Saved data entries
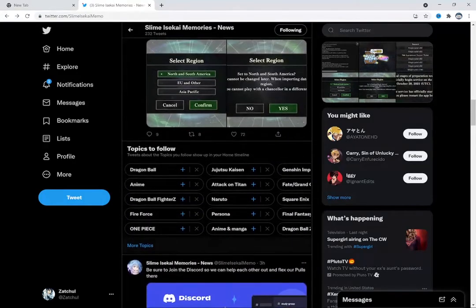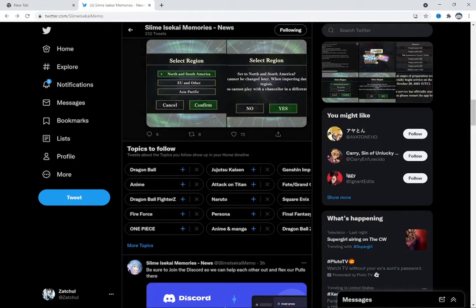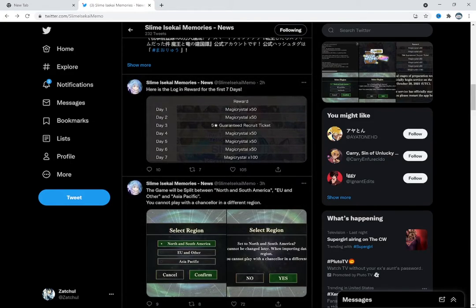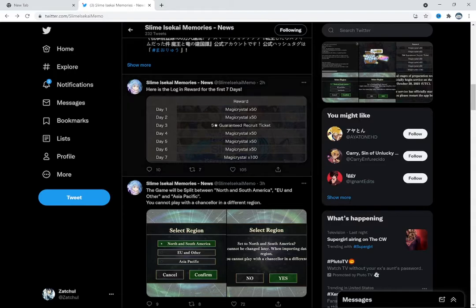We have a little bit of information showing that we have a login bonus of 350 magic crystals in total and a five-star summon ticket.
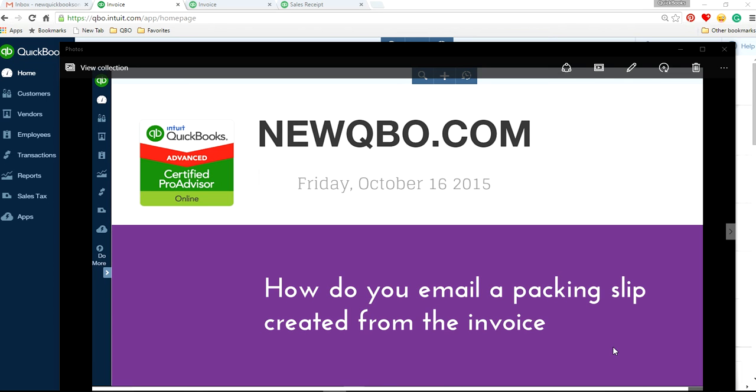Well, thank you for watching this video. In this video, I'm going to focus on how to email a packing slip created from the invoice in QuickBooks Online.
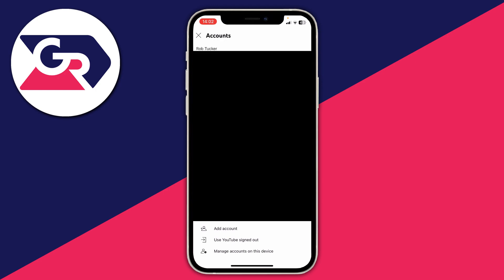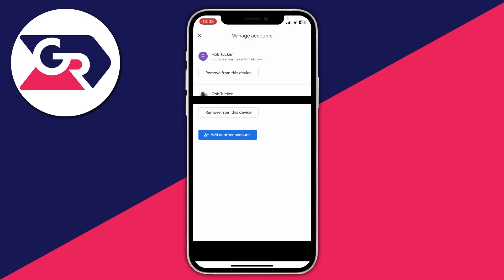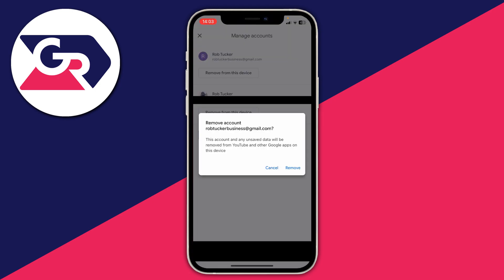Now you should be on the accounts page, which looks the same on both versions of YouTube. Go to the bottom and click on 'Manage accounts on this device.' To completely log out of the YouTube app, you do need to remove the Google account from your device — this means you'll also be logged out of Gmail and other Google apps. Click on 'Remove from this device' and confirm by tapping 'Remove' again.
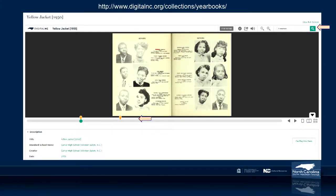Here is a page view of a yearbook — the Carver High School 1950 Yellow Jacket from Winston-Salem. You'll notice in the top right I did a full text search for 'Freeman,' and at the bottom of the page you can see several little yellow tabs showing where that name appears in the yearbook. Clicking one of those tabs takes you right to that page, where you can see a student whose first name was Freeman, pinpointed in the 1950 yearbook.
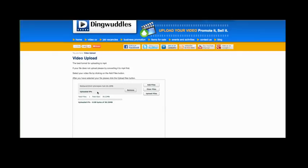And that's it. Now, you just need to wait for us to approve your film. And that should be done within 48 hours. And then your video is live on Dingwuddles. And you've got dingwaddling. Well done.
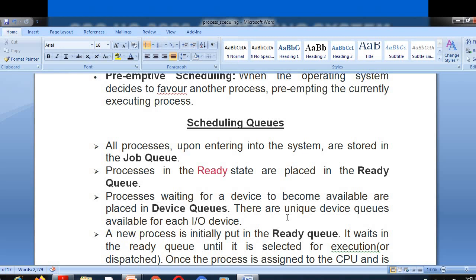Now, scheduling queues: all processes upon entering into the system are stored in the job queue. The ready queue contains processes in the ready state placed in that queue. The device queue contains processes waiting for a device to become available, placed in a special queue known as the device queue. There are unique device queues available for each input-output device.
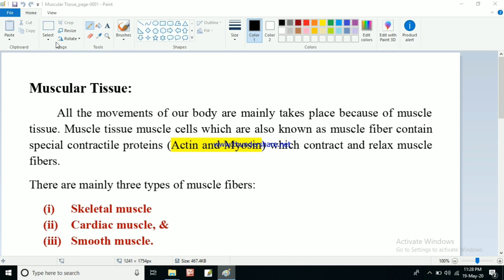Previously we discussed about various types of tissues. In this video we will be discussing about muscular tissue. We have different muscles in our body, and the tissues of these muscles are known as muscular tissue. All the movements of our body mainly take place because of muscle tissue - movements like lifting an arm, rotating our hand, and walking.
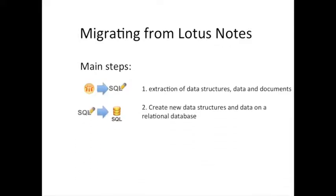The second step, in the easiest case, consists of executing these files in a database schema in order to recreate the same structure and data on a relational database.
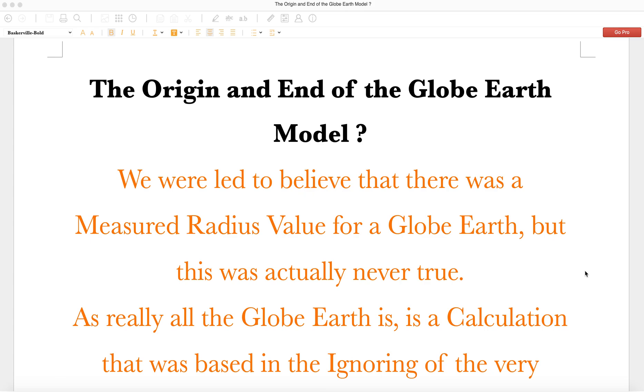Well, how are you? This video is titled The Origin and End of the Globe Earth Model. I have some reading to do and then I have some diagrams to show.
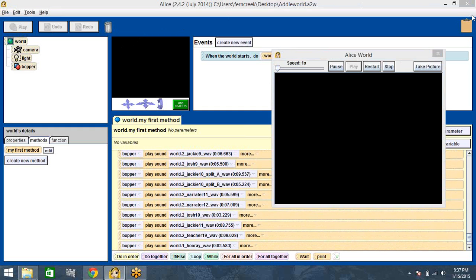Josh and Jackie are here. Let me go get the door. Hey kids, welcome to class. Come on in. Unpack your backpacks and we'll get started.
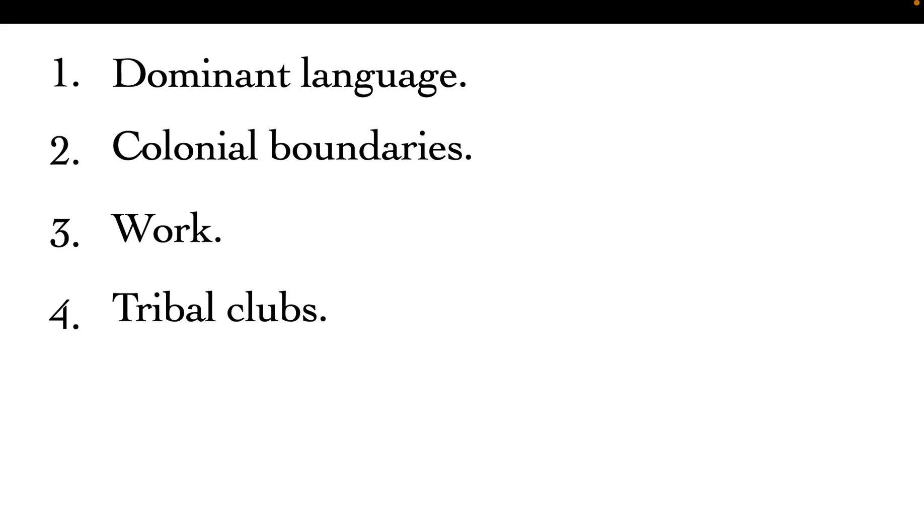People form tribal clubs. You can go to an area, for example, a national school where there are different tribes, and then we start grouping ourselves as Masais and form a club. Because we are from the same community, we are going to be segregating the others. Why are we using the basis of a tribe to form a club?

# Prompt
Set the pictures aside and restate word for word only the lines from the line containing "Josh and Jackie" through the end of the entries above, both included.

# Written solution
Josh and Jackie are here. Let me go get the door. Hey kids, welcome to class. Come on in. Unpack your backpacks and we'll get started.
People form tribal clubs. You can go to an area, for example, a national school where there are different tribes, and then we start grouping ourselves as Masais and form a club. Because we are from the same community, we are going to be segregating the others. Why are we using the basis of a tribe to form a club?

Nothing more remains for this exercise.